Pouco mais de um ano após as enchentes, os moradores do local revivem o drama da água que, pouco a pouco, ameaça se repetir nos últimos dias. E além de monitorar o nível do lago, também planejam uma nova saída, ainda com a expectativa de não precisar tirar a ideia do papel.
É o caso de Antonio Mauro, que mora em frente ao calçadão há 15 anos, e só retornou ao lar em fevereiro, oito meses depois da cheia de 2024. “Dessa vez acredito que não vamos precisar sair.

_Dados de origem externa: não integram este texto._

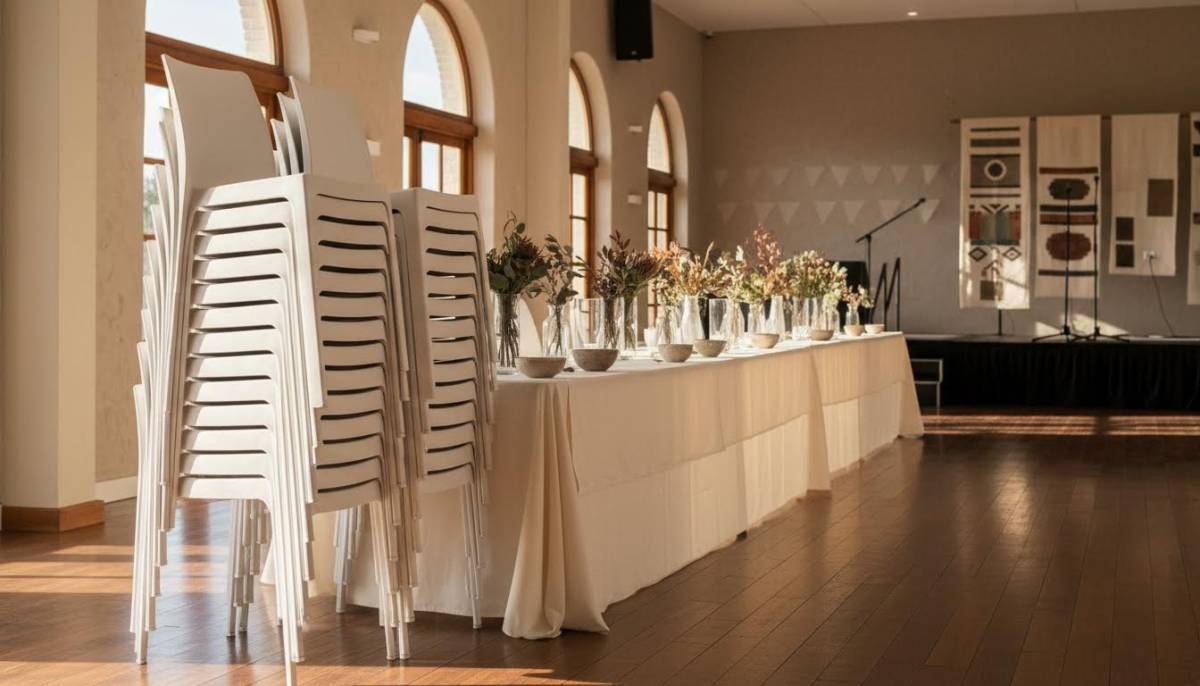 Stack of event chairs beside a setup table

Mas estamos atentos e já sabemos o que fazer. Erguer móveis e sair de carro, evitar as perdas maiores”.
Mauro relembra que, em 2023, a água já havia ameaçado, mas nunca viu nada igual ao ano passado. Foram cerca de R$ 60 mil investidos na recuperação dos bens, entre o veículo, que ficou submerso, e a casa. “O mais triste é quando você volta para casa, vê tudo que construiu destruído”, detalha. Foram 40 dias sem poder acessar o local, mesmo após esperar quatro dias com a água já instalada, no intuito de evitar os assaltos, que aumentaram na região.
De acordo com a medição das 18h do Departamento de Recursos Hidricos (DRH) da Secretaria Estadual do Meio Ambiente e Infraestrutura (Sema), o nível do Guaíba está em 3,26m, na Usína do Gasômetro. O número significa um aumento de 7cm em 24h, e ainda está distante da cota de inundação — 3,60m. No Caios Mauá, a água já começou a invadir o perimetro em terra. A régua marca 2,82m e registra um aumento de 9cm em 24h.